ARTIK DAHA GÜÇLÜ BİR KADIN VAR
İlk albümden bu yana neler değişti sizde?
- Aslında bakıyorum da, özümde kimliğim aynı. Kişiliğim, müziğimde de çok belirgin. Kiminle çalışırsam çalışayım, bir Göksel sound’u oluyor. Ama tabii ki o zaman tecrübesizdim ve pek çok şeye karşı daha ürkektim. O zaman bir kız çocuğu vardı, şimdi ise daha güçlü bir kadın var. Bu albümde de en çok hissettiğim şey, kadınsı tarafımın öne çıkıyor olması. Sadece görsel açıdan değil, dinlerken şarkıları bir kadının yazdığını hissediyorsunuz.
İmaj fotoğraflarında da, klipte de daha dişi bir Göksel var...
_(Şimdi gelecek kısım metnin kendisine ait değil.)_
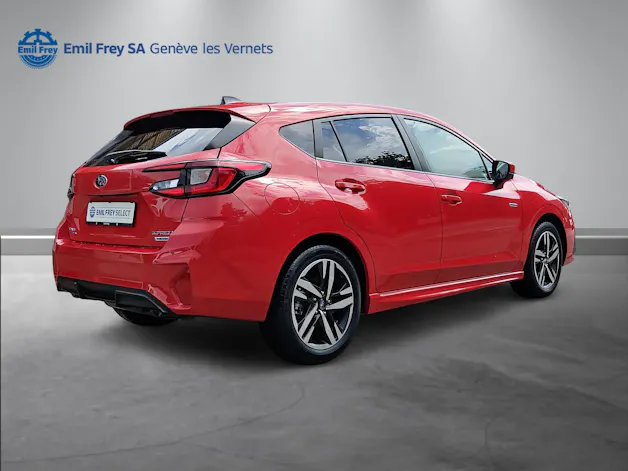 Subaru Impreza 2.0i e-Boxer Luxury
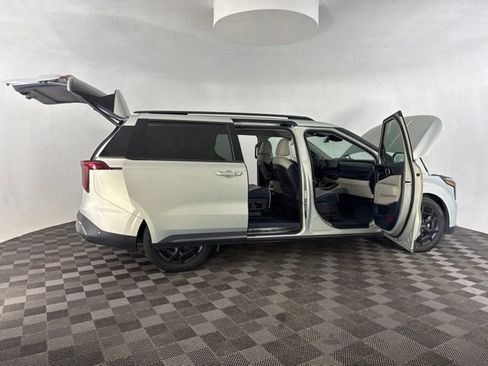 Certified 2025 Kia Carnival SX Prestige image 16
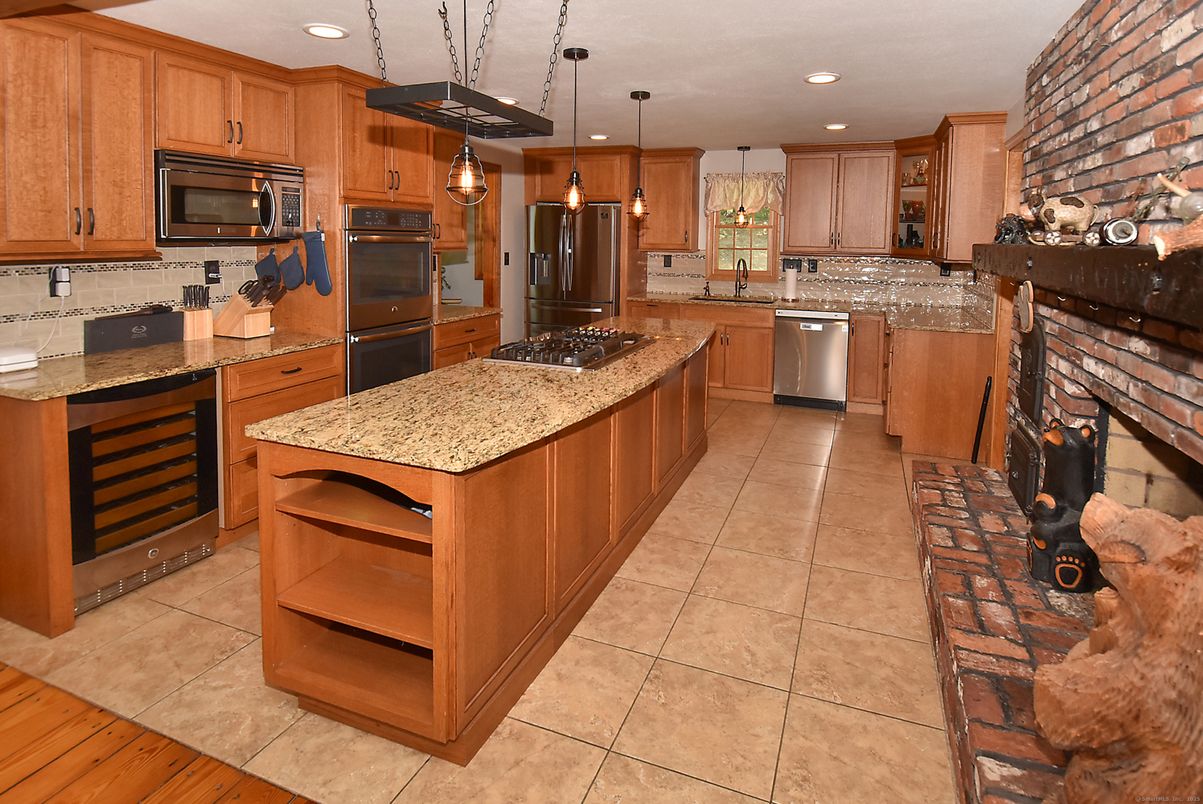 Interior, Kitchen, Pendant Lights, Recessed Lighting, Stainless Steel Appliances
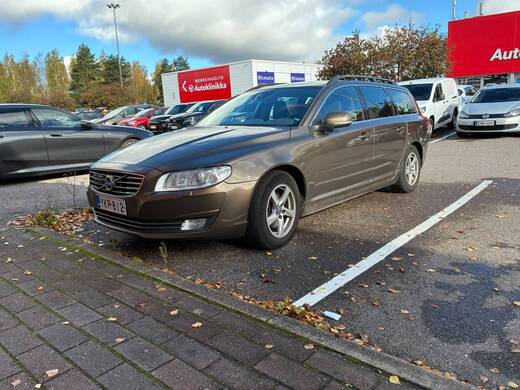 Volvo V70 vaihtoauto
- Görsellerde Fellini kadınlarından esinlendim. Onlar da canlı kanlı, etli, kadın gibi kadınlardır ya... Kıyafetlerimi seçerken o yuvarlak, kadınsı hatları ön plana çıkaracak parçaları seçtik. Müzikte de aynı şey var. Daha önceki albümlerim daha çok Türk filmlerini çağrıştırıyordu. Burada kullandığımız sesler ise 60’ların, 70’lerin Avrupasını anımsatıyor. Bu da daha kadınsı hissetmemle, kadınlığımı daha çok sevmemle alakalı olabilir.
Daha önce kadınsı hissetmiyor muydunuz?
- Yıllar geçtikçe insan değişiyor. Belki de büyümeyi kabul ettim. Çoğumuzun sorunu bu, çocuk kalmak istiyoruz. Ben de içten içe “Hayır, kadın olmak ve büyümek harika bir şey, ben kadın olmak istiyorum” demeye, bunu hissetmeye başladım. Geçtiğimiz dört yılda en yoğun hissettiğim şey buydu. Yalnızlık, ayakları yere sağlam basan, daha güçlü bir kadına dönüşmemi sağladı.
KLİPLERE PORNOGRAFİK DENMESİ KOMİK
RTÜK’ün bazı klipleri pornografik bularak yayınlayan kanallara ceza vermesini nasıl değerlendiriyorsunuz?
- Bu yaklaşımları doğru bulmuyorum. “Pornografik” diye adlandırmaları biraz komik geliyor bana. Evet, bazılarını ben de çok seviyeli bulmuyorum ama bunun çözümü yasaklamak değil. Çünkü yasaklandığında, o klipler internet üzerinden çok daha fazla seyrediliyor.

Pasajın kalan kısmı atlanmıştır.